Certos indivíduos, mais perspicazes, lobrigaram o homem na criança que acabava de nascer e tiveram-lhe medo, como Herodes o teve ao menino Jesus. Não ousando atacá-lo de frente, suscitaram quem o sufocasse com abraços, quem lhe tomasse a máscara, a fim de introduzir-se por toda a parte, soprar astuciosamente a discórdia nos centros, espalhar sorrateiramente o veneno da calúnia, lançar o pomo da desavença, arrastar a excessos comprometedores, impelir a doutrina por sendas ridículas e odiosas e simular, depois, defecções.

Ainda há outros mais hábeis: pregam a união e semeiam a divisão, atiram destramente à arena questões irritantes e ofensivas, excitam os zelos de preponderância entre os diferentes centros. Seriam felizes se viessem levantar-se uns contra os outros, por questões de forma ou de substância, por eles suscitadas.

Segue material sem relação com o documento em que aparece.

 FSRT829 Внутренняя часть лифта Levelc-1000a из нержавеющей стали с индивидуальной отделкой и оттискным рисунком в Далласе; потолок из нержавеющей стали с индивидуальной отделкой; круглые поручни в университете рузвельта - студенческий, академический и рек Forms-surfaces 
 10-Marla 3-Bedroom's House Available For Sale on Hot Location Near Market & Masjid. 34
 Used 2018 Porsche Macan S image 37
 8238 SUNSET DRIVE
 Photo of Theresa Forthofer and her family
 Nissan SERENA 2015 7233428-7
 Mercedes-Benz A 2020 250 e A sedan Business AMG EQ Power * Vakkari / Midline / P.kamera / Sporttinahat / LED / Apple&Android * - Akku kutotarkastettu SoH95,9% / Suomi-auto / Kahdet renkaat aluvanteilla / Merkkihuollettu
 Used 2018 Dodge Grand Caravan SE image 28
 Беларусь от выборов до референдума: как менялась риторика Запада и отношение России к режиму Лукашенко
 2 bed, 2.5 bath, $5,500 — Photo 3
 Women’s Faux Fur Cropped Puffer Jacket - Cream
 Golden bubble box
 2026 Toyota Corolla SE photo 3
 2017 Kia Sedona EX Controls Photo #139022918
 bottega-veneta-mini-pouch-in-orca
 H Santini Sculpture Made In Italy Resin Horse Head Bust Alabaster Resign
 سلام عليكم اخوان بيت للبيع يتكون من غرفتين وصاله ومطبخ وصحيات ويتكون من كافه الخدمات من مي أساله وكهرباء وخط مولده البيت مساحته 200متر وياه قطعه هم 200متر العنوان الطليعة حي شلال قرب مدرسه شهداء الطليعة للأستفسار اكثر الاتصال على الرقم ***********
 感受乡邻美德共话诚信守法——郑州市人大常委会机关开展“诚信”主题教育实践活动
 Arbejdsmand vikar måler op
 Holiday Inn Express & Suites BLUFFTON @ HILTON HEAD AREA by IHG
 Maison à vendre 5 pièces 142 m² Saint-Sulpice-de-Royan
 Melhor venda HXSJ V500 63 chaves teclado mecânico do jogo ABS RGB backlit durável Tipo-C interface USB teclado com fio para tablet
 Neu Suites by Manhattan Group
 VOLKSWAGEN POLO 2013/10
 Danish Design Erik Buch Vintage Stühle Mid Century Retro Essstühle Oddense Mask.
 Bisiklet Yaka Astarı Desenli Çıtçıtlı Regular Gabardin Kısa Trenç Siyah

Todas as doutrinas têm tido o seu Judas e o Espiritismo não havia de ser a exceção. São espíritas de contrabando, que, entretanto, trazem alguma utilidade, porque ensinam ao verdadeiro espírita a prudência, a circunspecção e a não se fiar em aparências.

Em tese, é preciso desconfiar de entusiasmos muito calorosos, que são quase sempre fogos de palha, simulacros, calor do momento, que suprem as obras por palavras. A verdadeira convicção é calma, refletida, moderada; revela-se, como a verdadeira coragem, por obras, isto é, na firmeza, perseverança, e sobretudo na abnegação. O desinteresse moral e material é a legítima pedra de toque da sinceridade.

A sinceridade tem um cunho especialíssimo; reflete-se por modalidades mais fáceis de compreender que de definir. Sentimo-la por efeito da transmissão do pensamento, cuja lei o Espiritismo veio revelar-nos e cuja simulação é impossível, porque não se pode mudar a natureza das correntes fluídicas por elas projetada.

Erra grosseiramente quem acredita poder substituí-la pela baixa e servil lisonja, que não seduz senão as almas orgulhosas, é por esta mesma lisonja que as almas elevadas reconhecem a sua ausência.

Não há como substituir o calor pelo gelo.(80)

(80) Desde 1857 o Espiritismo já havia comprovado, através de métodos científicos, a realidade da telepatia e sua importante função nas relações humanas. A prova aí está, nessa referência de Kardec. Somente em meados deste século a Ciência fez a mesma comprovação. — É nosso o grifo do trecho acima, para chamar a atenção do leitor em virtude de sua significação doutrinária. (N. do Rev.)

Se passarmos à categoria dos espíritas propriamente ditos, ainda aí nos acharemos a braços com certas fraquezas humanas, das quais nem sempre a doutrina triunfa imediatamente. As mais difíceis de vencer são o egoísmo e o orgulho, as duas paixões originais do homem. Entre os adeptos convencidos, não há verdadeiramente deserções, porque aquele que desertasse por um motivo de interesse ou outro qualquer, não teria sido verdadeiramente espírita. Pode porém haver defecções.